Hello!
Well, we're well into mid-May now and that can mean but one things - storm chasing!
Fairly soon we'll be heading out to the USA so what does the crystal ball say? This season has been mediocre as far as storm chasing chances have been concerned - yes, there have been a few gems but they've often been hard-won by the chasers. Now, a synoptically-evident outbreak of severe storms may give us the best chance of seeing a tornado, but it also attracts a large number of other chasers out. Less obvious set-ups, especially across the western High Plains can yield some great chase action, with not so many people around.
Of course, this kind of talk is something we all like to say when it looks pretty quiet, but truly it is great to be on the vast western prairie with a lone storm and not many people about - last year, on May 27th, we got just that and saw an amazing supercell.
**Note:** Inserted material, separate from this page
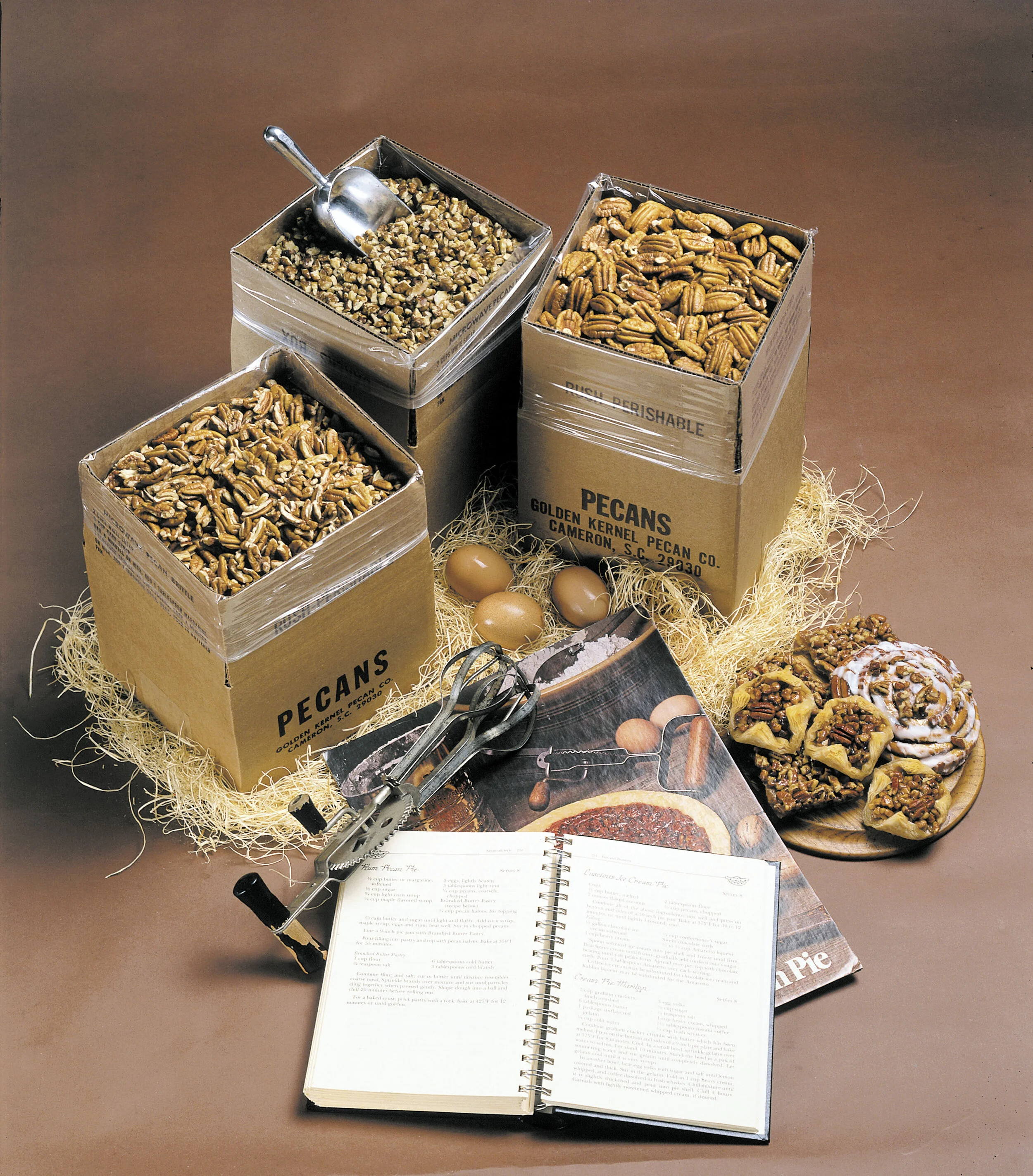 Fancy Large Pecan Pieces  - Baker's Box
Granted, no tornado, but tornadoes are hard to come by anyway, so one should never go out expecting to see one.
Anyway, back to this year. The pattern has been dominated by 'blocking' the atmosphere - that is, large, slow-moving areas of high pressure with the jet stream splitting around them - rather than a more mobile pattern where trough push into the western USA, encourage moisture-laden air to surge northwards from the Gulf of Mexico, and help outbreaks of severe storms to form. Much more modest mid-level flow has been present, but, at times, steep lapse have overspread reasonable moisture and given some good supercells, and one or two tornadoes.
Chasers over the next couple of days will have a trough in the sub-tropical jet moving into the Plains, so some severe storms, and perhaps a few tornadoes, will be possible - but they will have to work for them.
Early next week, modest ridging will move over the western Plains before a weak upper trough moves NE through the Great Basin, potentially bringing enough mid-level flow to the High Plains to induce lee troughing, thunderstorms development, and perhaps isolated supercells. So there should be storms to chase through part of next week at least.
Later in the week and into the following weekend it becomes much more difficult to find a consistent signal in the models - they don't do well with blocky patterns. It looks like a trough will approach the Pacific Northwest but if recent weeks are anything to go by, it will split from the jet and throw some kind of ridge across central parts of the US, but the southern branch of the jet could well still affect the central/southern Plains. A few runs of ensembles have tried to make it more into a deeper trough out west, but we'll see! Another possibility is that a deeper trough runs ESE across Canada, inducing more of a NW flow into the Plains, with a ridge out west.
Whatever happens we'll enjoy the nomadic lifestyle, the food, and simply being out in the vastness of the Plains!